Entry 3
"On rocks I dreamt of where we'd steppedand the whole mess of roads we're now on."
Jack of all trades...and master of none.
That’s me, hits the nail one the head, a hole in one for who I am. I don’t know how or why, but I don’t think I’ve ever found much that I could be truly passionate about. I’m interested in tons of things, but none of them seems to grab a hold of me and take my breath away.
Jack of all trades.
...where we’d stepped...
...the whole mess of roads we’re now on
People always told me that I was lucky because I was smart, and that is the most guaranteed way to be successful in life. Intelligence. But while I may be smart, I doubt I’ll ever be the smartest in anything. I don’t have that kind of focus. I’m more of the random interesting facts kind of guy, like the fact that all the golden hamsters you will ever see are descended from a single family of them found in Syria in the 1930s. Among other things.
Master of none.
I enjoy learning and know a bit of math, science, history, English, religion, government, sports, and so much more. But I’m no specialist. I know enough to sound smart. The only thing I find more depressing about this than realizing that I only know enough to sound smart to the unknowing is realizing that people don’t really care how smart you are but how smart you seem to be.
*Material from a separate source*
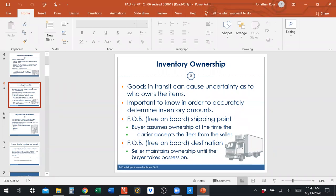Inventory ownership: goods in transit from seller to buyer can cause uncertainty about who owns the items. For example, if the shipping truck crashes, who has to bear the cost? It's important to know who owns the item at all points because it affects the accounting. If you own an item and it's destroyed, you have to make a journal entry. If you don't own the item, you don't.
Some people think I’m fortunate to be smart, what I really want is to be passionate about something. I’ve yet to find that thing that I could spend my entire life doing and never care about what I was missing. Instead I’m involved in at least ten organizations with leadership positions in half of them. I’m figuring out what to do with conflicting schedules every night. I find some enjoyment in all of them—that is why I get involved in them, but...
On rocks I dreamt...
I’m not even really sure what it is I’m looking for. Ever think that there must be something out there that’s just perfectly you, but you have no clue what it is or how you’re supposed to find out? That’s about where I’m at.
Normally I don’t worry or care about this. I just keep moving along with all the stuff I’m doing. But every now and again I’ll be out late at night and find myself alone or ignored for a short time. Then I slip into this mode of thought where I start to wonder what the hell I’m doing, and how what I’m doing relates to where I want to go in life. Usually the two are sparsely related. I examine my life, become thoroughly depressed, then make a point of forgetting about it by the time I wake up.